Making users change their password after a set period of time has little security advantage and significant usability challenges, which could lead to unintended vulnerabilities, he adds.
The revision is also deprecating SMS one-time passcodes as an authenticator, Grassi says. “They remain allowed but we are sending a strong signal that we hope agencies will transition to other techniques rather than depend on SMS, with an expectation that it will be removed in a future version.”
Man-in-the-middle attacks and other hacks have found these systems vulnerable so NIST is recommending that agencies start investigating other authenticators. App-based OTPs, however, such as Google Authenticator, would be enabled with the revision as well as others. NIST has also expanded the scope for biometrics while specifying security and performance requirements, which in the past have been omitted.

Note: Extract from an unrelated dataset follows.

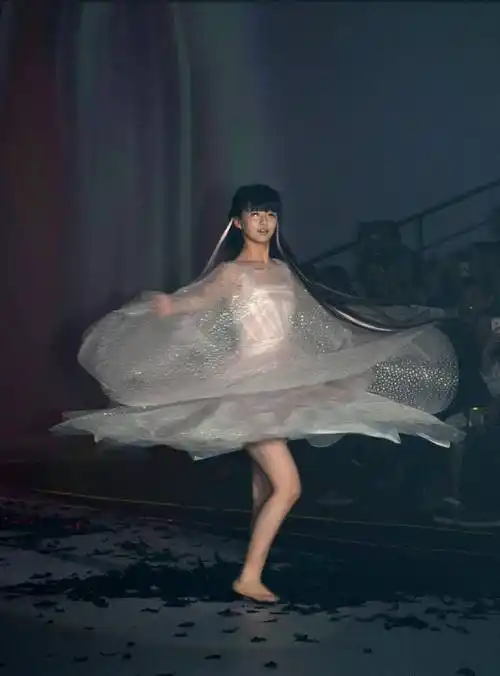 李沁有多会撩?她蹲在沙滩上的样子,网友:这小脚丫是认真的吗?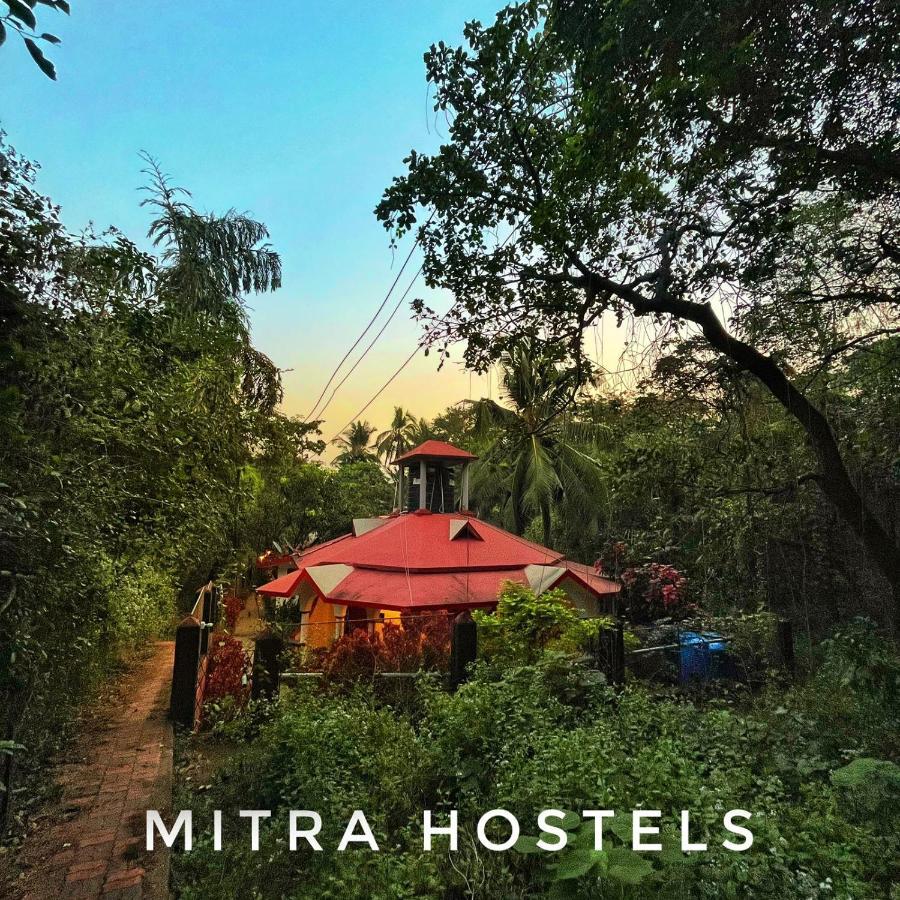 Mitra Hostel Vagator Exterior photo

These updates — both to the process for reviewing documents and to the content itself — are intended to reflect NIST’s commitment to meeting the needs of today’s digital environment, Grassi says.
“It’s cliché to say that technology moves fast, but we face a massive challenge to address evolving technologies and threat environments at a global scale and Internet speed — all without compromising on our responsibility to protect individuals’ security and privacy,” says Grassi. “We rely on the broad identity community to help us create smart, modern and practical guidance, and we hope this approach provides a more nimble way for our stakeholders to do just that.”
The draft special publication is live on GitHub and additional information can be found here and here. As the summer rolls on, it will be interesting to watch the document evolve and change as different aspects are considered.